It was a great story and all, but for days afterward, it was still consuming my thoughts in a way that I didn’t think it should have. I found myself feeling detached from everything I did, because all I wanted to be doing was watching that film again. I finally decided it was because the girl in the film, Jenny, reminded me so much of myself. Growing up in smalltown Ohio, I wasn’t at all interested in most of the boys I went to school with, because I was way too smart for them, and I don’t mean that to sound narcissistic. Even the ones who could hold a conversation with me didn’t seem to appreciate me in the way I thought my awesomeness merited. I didn’t find things much different in college, so I “dated” first a 35-year-old and then a 41-year-old and just didn’t think anything wrong with it. Brains and humor have always made people more attractive to me than classic good looks alone, and men twice my age seemed so thoughtful and funny. They got why I was so interested in literature, and they listened to the right kinds of music, only they knew bands and read books I’d only heard of. They were so serious about politics, unlike the boys at school who were only Republicans because their parents were. And they both lived somewhere other than Ohio, which was really the most important thing.

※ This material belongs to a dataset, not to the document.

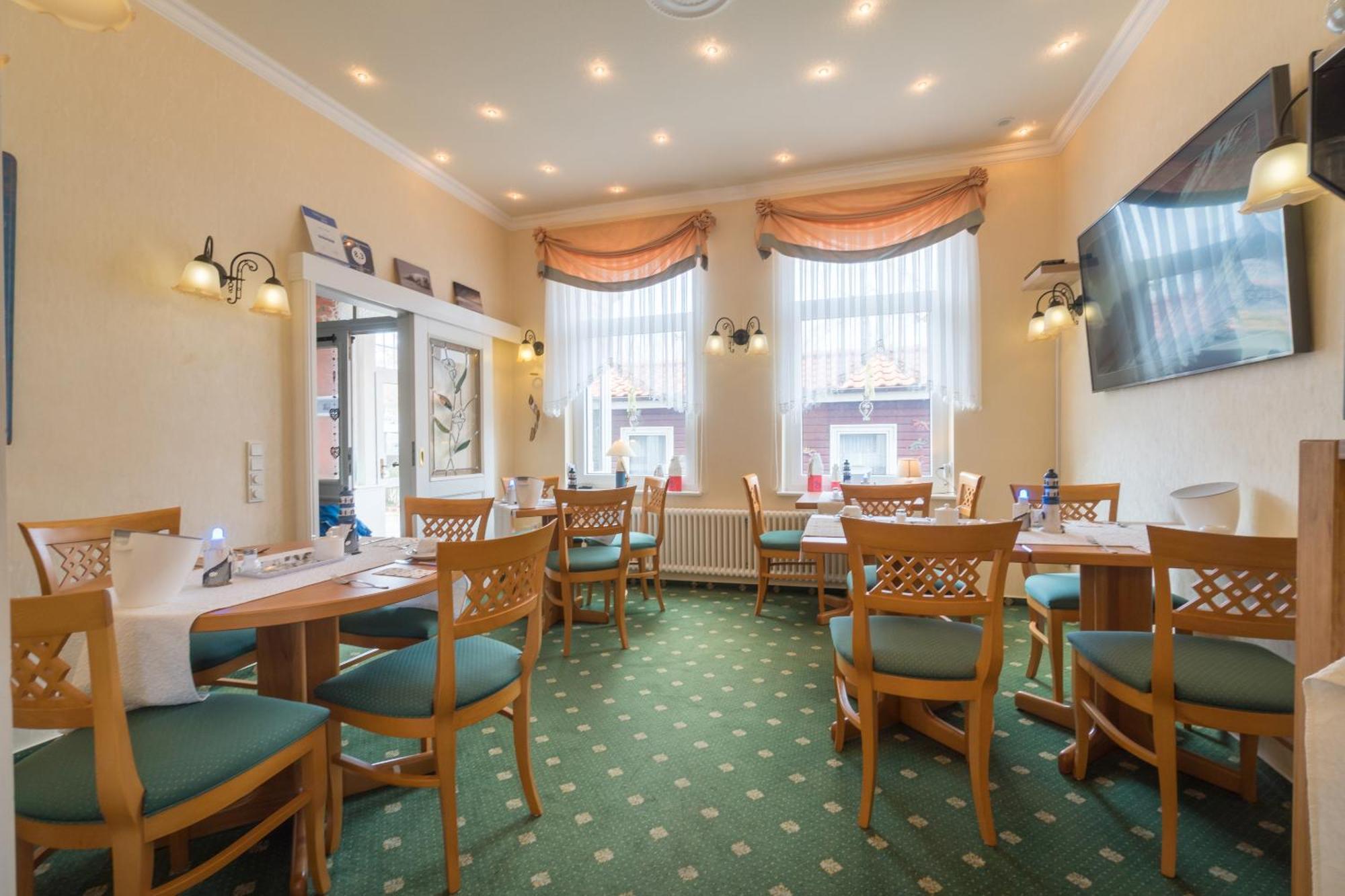 Hotel Windrose Borkum Bagian luar foto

The sad thing I realized after watching An Education is that the main reason I wanted to date older men no longer applies. Somewhere between 18 and now, I figured out that the guys I thought were so wise back then had really just accumulated the sort of life experience you do when you’ve had a job, had a wife, had some birthdays. They knew bands I’d only heard of because they’d been my age when those bands were making music, just like I know more bands than someone half my age does. My best friends now are just as literate, just as politically-conscious, and just as funny as any of those guys were. In fact, my current boyfriend, who’s only a couple of years older than I am, is smarter and funnier than probably anyone I know. It wasn’t that boys my age were necessarily not good enough for me but just that I hadn’t met the right one. Not that I regret any of it.

My even sadder realization is that I probably already ended my tenure as pedophile bait without even realizing it, and despite being wise enough now to recognize that older isn’t always better, I’m still going to miss the attention. Sure, I can date 80-year-old men for their money in my late 20s, but no one’s going to question that guy’s morals or mental health. If I’m not attractive simply for my ability to get someone arrested for touching me, what do I have to live for? What’s the point of being seen with an old codger if it doesn’t garner him disapproving glares and me worried glances? What’s the point if I’m not being taken advantage of?

Geocities is Dead! Long Live WordPress!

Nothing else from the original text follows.